Nissan is currently developing a new type of fuel cell engine, which is powered by electricity generated from electrochemically reacting bioethanol and air.
The brand claims that the method of propulsion, which has until now been unexplored by mainstream car manufacturers, allows the generation of electricity with high efficiency. It's capable of powering a car to a similar range to conventionally-fuelled offerings: Nissan quotes more than 600km (373 miles).
Nissan says that when the engine reaches production, it will behave no differently to regular electric vehicles, despite its pioneering nature. This is in terms of noise, acceleration and power delivery. As with hydrogen fuel cell vehicles, Nissan’s bioethanol system emits only water.

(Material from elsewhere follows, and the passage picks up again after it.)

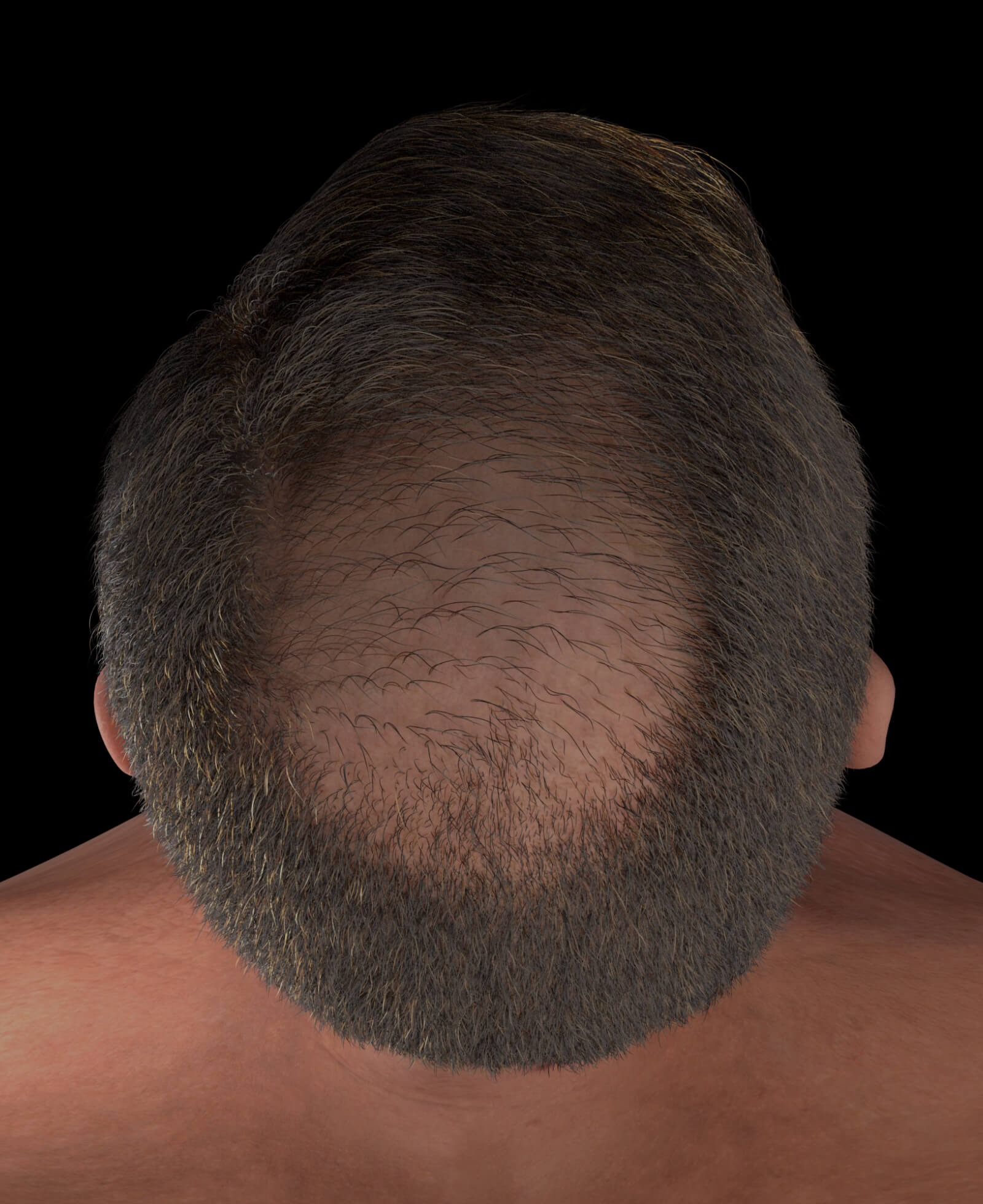 Male patient from Clinique Chloé with hair loss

The engine uses a reformer to source hydrogen from bioethanol fuel, which powers the car through the solid oxide fuel cell. The bioethanol fuel will be sourced from sugarcane; an abundant crop in Asia, North and South America, which means the process of fuel production will produce very little CO2.
The localised nature of the sugar cane, and the high CO2 cost of transporting fuel means that markets close to the equator are the most likely to see the engine in commercial production first, although a Nissan spokesperson revealed that research and development of biomass-sourced bioethanol in areas without plentiful sources, such as Japan, is well underway. Additionally, projects to make ‘home brewed’ bioethanol made from garden waste are also under development.
Nissan hopes that the internal conversion of bioethanol into hydrogen will reduce the need for an extensive re-work of the current refueling infrastructure; a problem which is said to be holding back the progress of conventional hydrogen fuel cell vehicles.
Although the project is only in the early stages of development Nissan also promises ultra-low running costs akin to those of the current generation of electric vehicles. A short refueling time and other infrastructure benefits, including safer fuel (a 55:45 ethanol-blended water format) are also predicted by the Japanese manufacturer. Brazil and the United States’ current use of biofuels in their fuel infrastructure means that Nissan has high hopes for these countries’ adoption of the technology.
The project, which Nissan is developing alone despite its continued partnership with Renault, currently has no date for commercialisation. However, a Nissan spokesperson said: “the announcement will gather feedback and accelerate development.”